Dimensão analítica: Mercado e condições de trabalho
Título: Tendências pesadas da evolução do Estado Social em Portugal [1]
Autor: João Freire
Filiação institucional: Sociólogo. Professor Emérito do ISCTE/Instituto Universitário de Lisboa. Investigador no CIES-IUL.
E-mail: joao.freire@mail.telepac.pt
Palavras-chave: emprego público, despesa pública, Estado social
No presente ensaio, procura-se quantificar a evolução de crescimento do Estado, na óptica da sua “força de trabalho”e da despesa pública. Consideraram-se os últimos sessenta anos porque este lapso de tempo permitia abranger situações muito diferenciadas: ditadura e democracia; império colonial e integração europeia; etc.
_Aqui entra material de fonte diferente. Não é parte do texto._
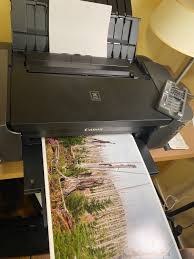 The new printer combines fast print speeds using the usual high quality and is wonderful for printing crisp photos in large file format. On Printing And Paper Part Iii Printers Luminous Landscape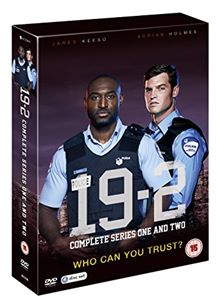 19-2 Series 1 & 2 [DVD]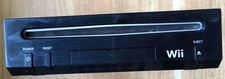 CONSOLE NINTENDO Wii PAL NOIRE
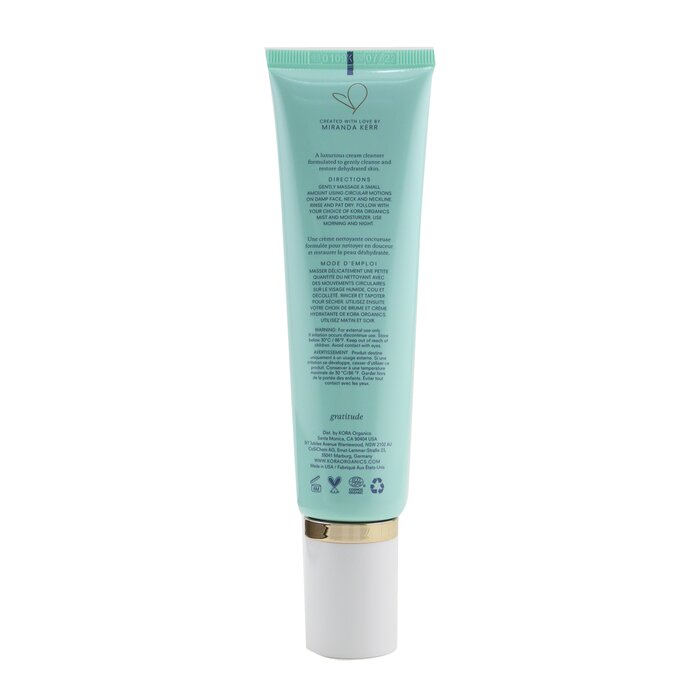 Sữa rửa mặt Kora Organics 100ml giá rẻ
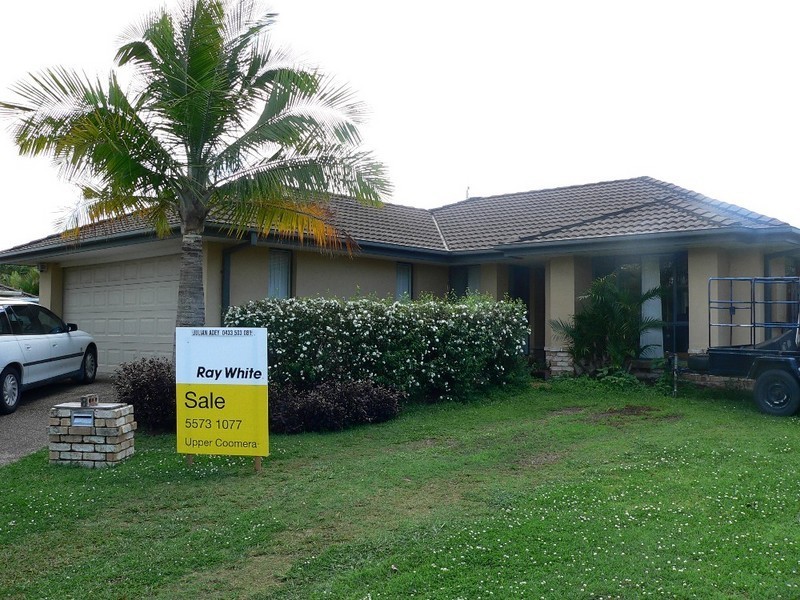 8 Caribou Crescent, Upper Coomera QLD 4209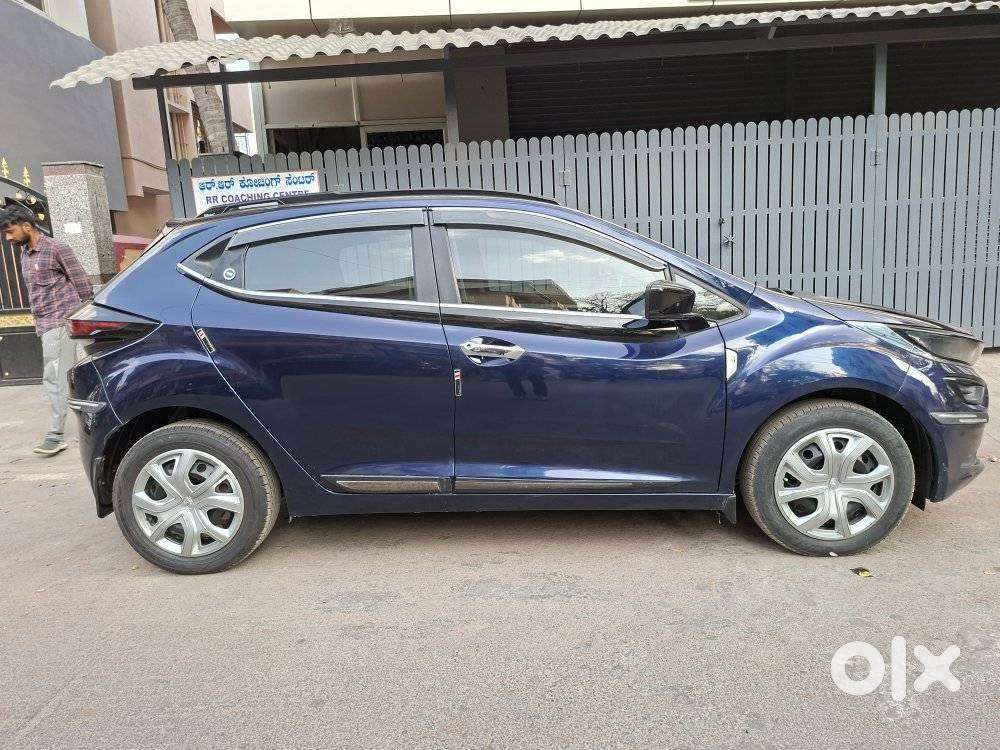 Tata Altroz 1.5 Xm Rhytm Plus Style Diesel, 2023, Diesel
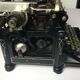 Machine à écrire ancienne Underwood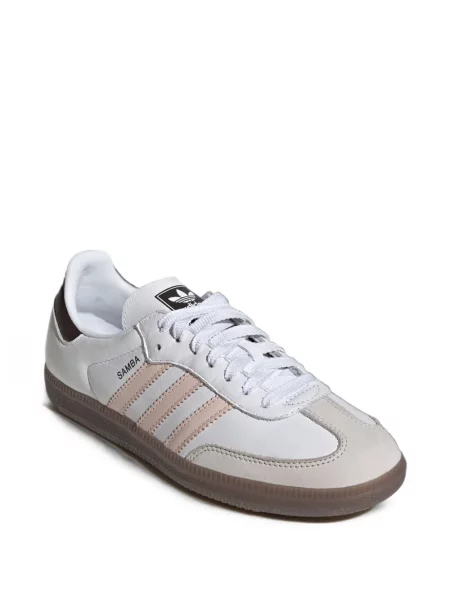 Top Adidas alb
Este amplo lapso de tempo permitiu a utilização dos dados quantitativos recolhidos em momentos censitários, a intervalos de vinte anos. As fontes utilizadas foram essencialmente os Censos (com a excepção dos dados populacionais de 2008, os mais recentes então disponíveis) e as Contas Gerais do Estado, mas também se recorreu às fontes relativas aos antigos territórios ultramarinos, aos Orçamentos Gerais do Estado e a outras fontes estatísticas de âmbito mais circunscrito.
A variável do emprego público foi uma das mais difíceis de preencher, pois só recentemente existem dados específicos convenientemente organizados, ainda assim sujeitos a alguma desconfiança metodológica. Nestas condições, considerámos como fazendo parte da componente “soberania” do Estado a totalidade do pessoal afecto a um conjunto fixo de ministérios (defesa, justiça, finanças, administração interna, etc.), o mesmo ocorrendo para a função “social” (educação, saúde, etc., a que agregámos também as funções culturais) e para a função “económica” (obras públicas, etc.), em vez de uma classificação mais fina e mais próxima da actividade profissional dos agentes.
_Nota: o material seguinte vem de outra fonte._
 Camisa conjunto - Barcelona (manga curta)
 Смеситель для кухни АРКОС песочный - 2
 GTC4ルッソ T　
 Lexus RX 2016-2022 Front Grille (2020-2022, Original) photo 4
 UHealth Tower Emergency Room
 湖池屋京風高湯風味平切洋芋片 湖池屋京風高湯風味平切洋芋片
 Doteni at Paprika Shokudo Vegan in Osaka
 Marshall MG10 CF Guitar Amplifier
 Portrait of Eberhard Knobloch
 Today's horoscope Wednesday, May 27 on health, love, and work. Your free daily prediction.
Algumas observações analíticas mais importantes
Começando pelos dados demográficos e no que toca ao emprego público, em valor absoluto, ele apresenta uma linha de tendência ascendente, atingindo o seu máximo em 1991 e verificando-se que em 2008 já teria declinado. Em valor relativo, a sua percentagem face aos activos (bem como à população total) acompanha essa mesma linha de evolução com um pico em 1991 e uma descida em 2008.
Quanto à distribuição interna do emprego público o fenómeno mais relevante é indubitavelmente o crescimento do pessoal afecto às funções sociais do Estado (sobretudo educação e saúde, por esta ordem de importância). Esta é uma tendência de fundo que não deve atribuir-se exclusivamente à mudança de regime político ocorrida em 1974-76. De facto, se considerarmos os dispositivos de previdência social pública, pode datar-se do início da década de 60 o início da construção entre nós do Estado-providência.
Assim, verifica-se, para as funções de soberania, em números absolutos, uma evolução ascendente com um pico notável em 1970 (auge do esforço na defesa e desenvolvimento do ultramar), seguindo-se depois uma contínua queda desta categoria de funcionários. Porém, em termos de distribuição percentual, a evolução apresenta-se com um perfil um pouco diferente, com uma quase estabilização alta (acima dos 60%) nos dois primeiros momentos, uma descida abrupta para pouco mais de 20% entre 1970 e 1991 (muito por conta da “desmilitarização” da sociedade), que se mantém em nível vizinho vinte anos depois.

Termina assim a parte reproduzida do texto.